▸ **Problem details**
Transcribe all the records exactly and omit any images they hold.

▸ **Supplied information**
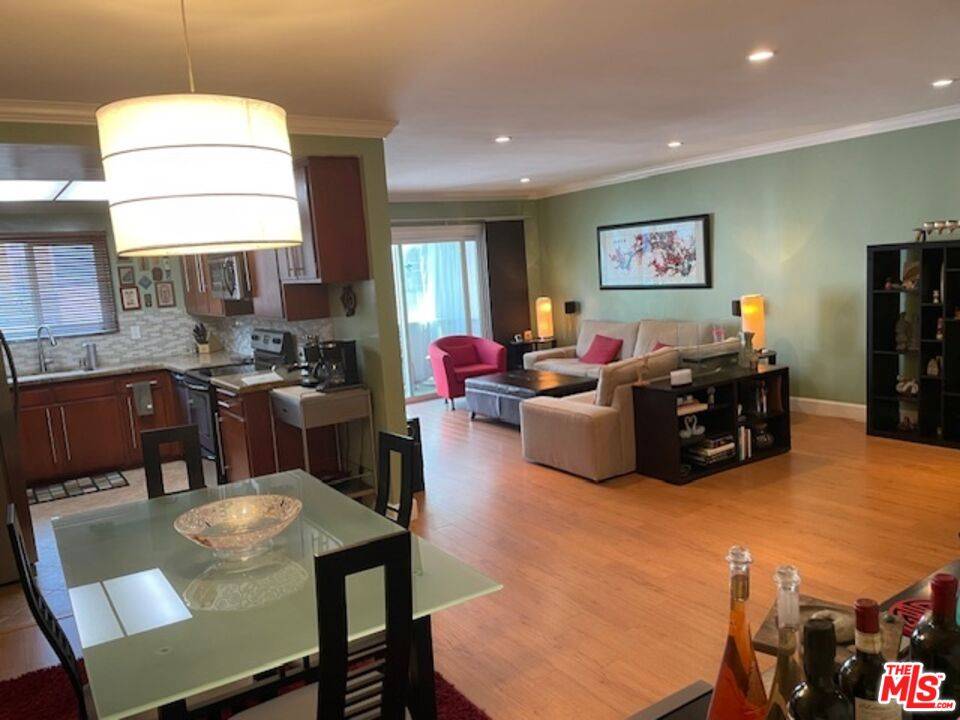 1734  N Fuller Ave 1BR Hollywood Hills East La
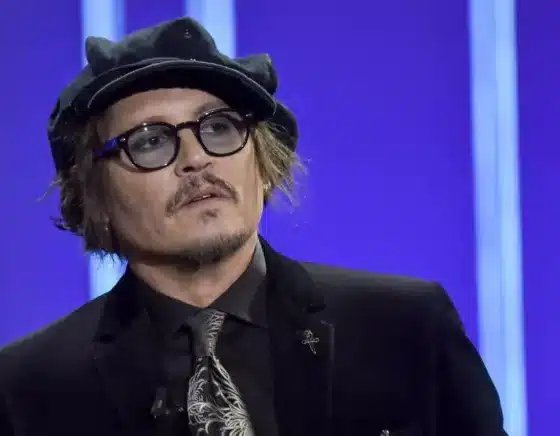 Johnny Depp visto con mujer misteriosa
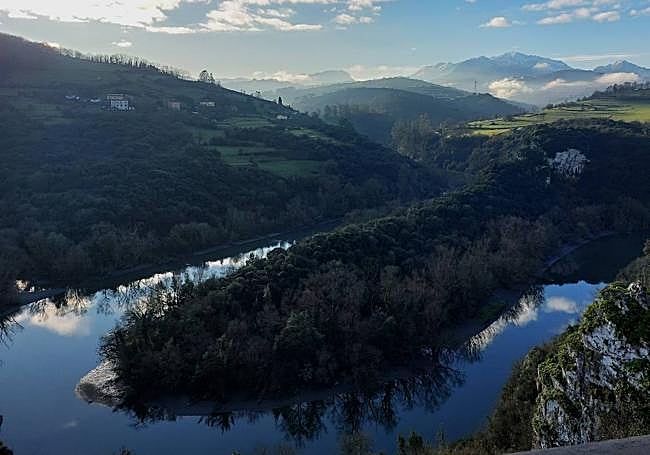 Meandro Cueto Rañeces desde La Peñona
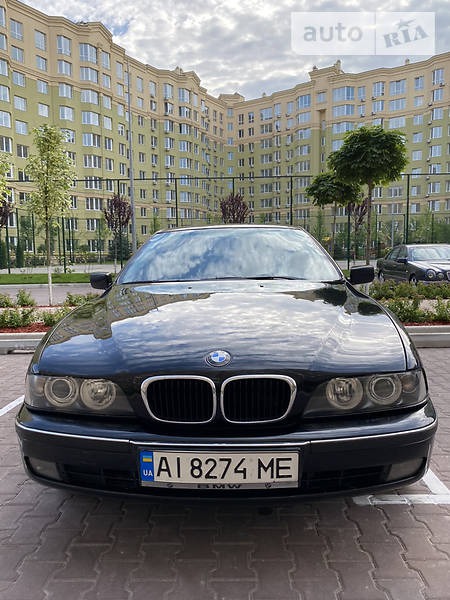 BMW 535 1998  випуску Київ з двигуном 3.5 л  седан механіка за 5800 долл. 
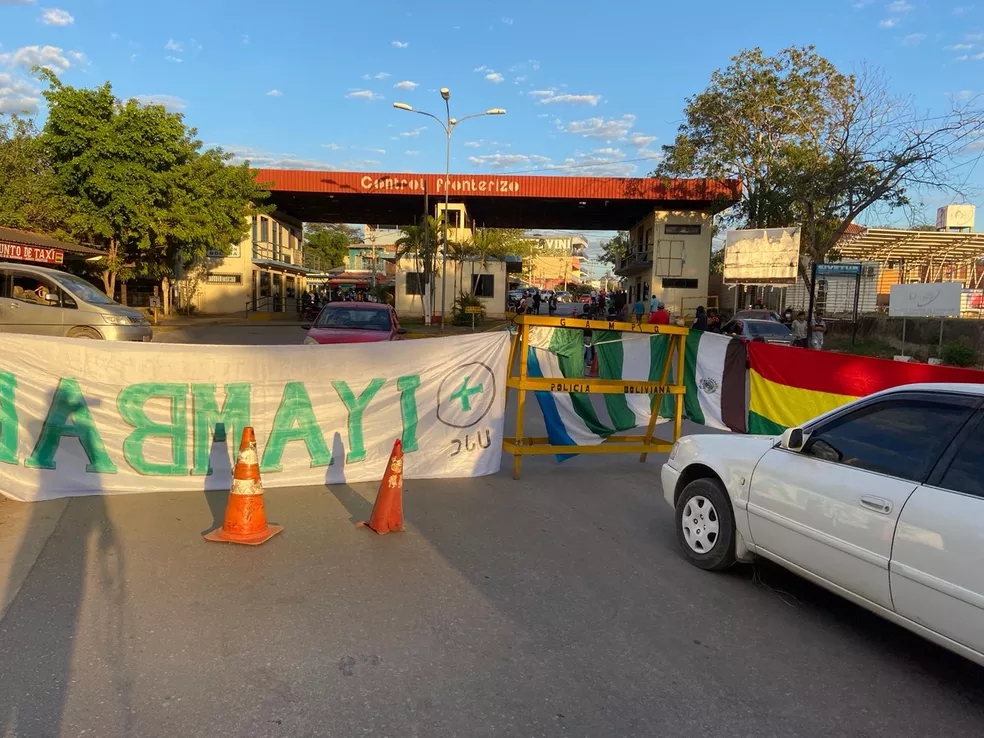 Manifestantes bloquearam a fronteira entre Brasil e Bolívia, em Mato Grosso do Sul 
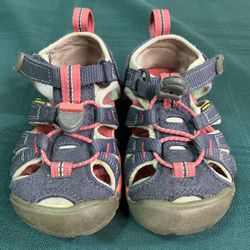 Keen toddler Girls Size 8 sandals Shoes 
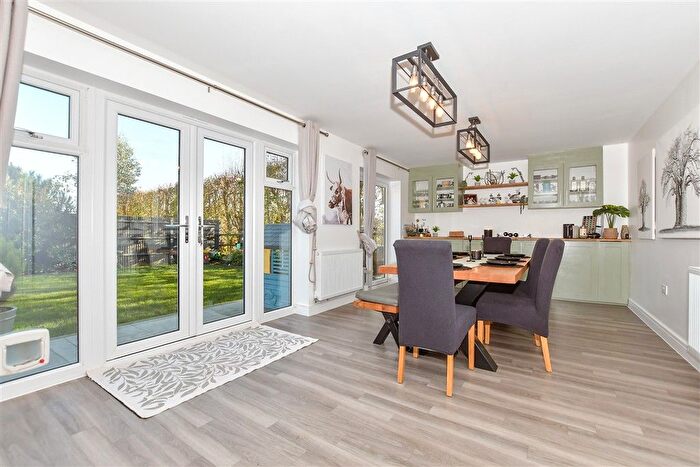 5 Bedroom Detached House For Sale In Seymour Drive, Marden, Marden, Kent, TN12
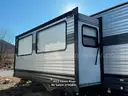 1 Lot of 5 RV Travel Trailers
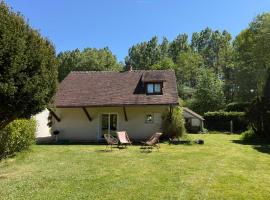 Le Clos du Avre, hotel v mestu Breux-sur-Avre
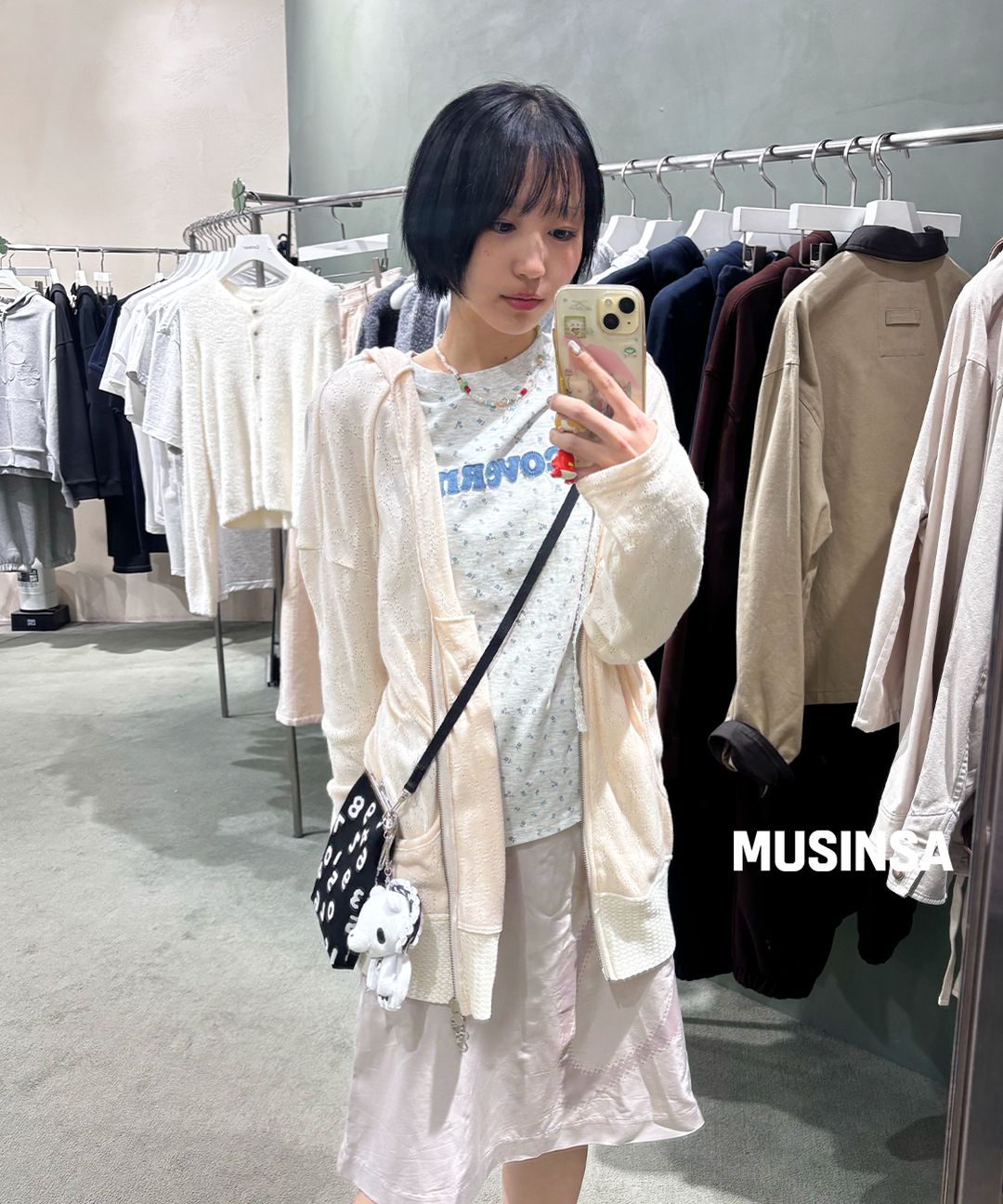 타사출근룩 커버낫_김채린_워터마크_4.jpg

▸ **Reply**
 1734  N Fuller Ave 1BR Hollywood Hills East La
 Johnny Depp visto con mujer misteriosa
 Meandro Cueto Rañeces desde La Peñona
 BMW 535 1998  випуску Київ з двигуном 3.5 л  седан механіка за 5800 долл. 
 Manifestantes bloquearam a fronteira entre Brasil e Bolívia, em Mato Grosso do Sul 
 Keen toddler Girls Size 8 sandals Shoes 
 5 Bedroom Detached House For Sale In Seymour Drive, Marden, Marden, Kent, TN12
 1 Lot of 5 RV Travel Trailers
 Le Clos du Avre, hotel v mestu Breux-sur-Avre
 타사출근룩 커버낫_김채린_워터마크_4.jpg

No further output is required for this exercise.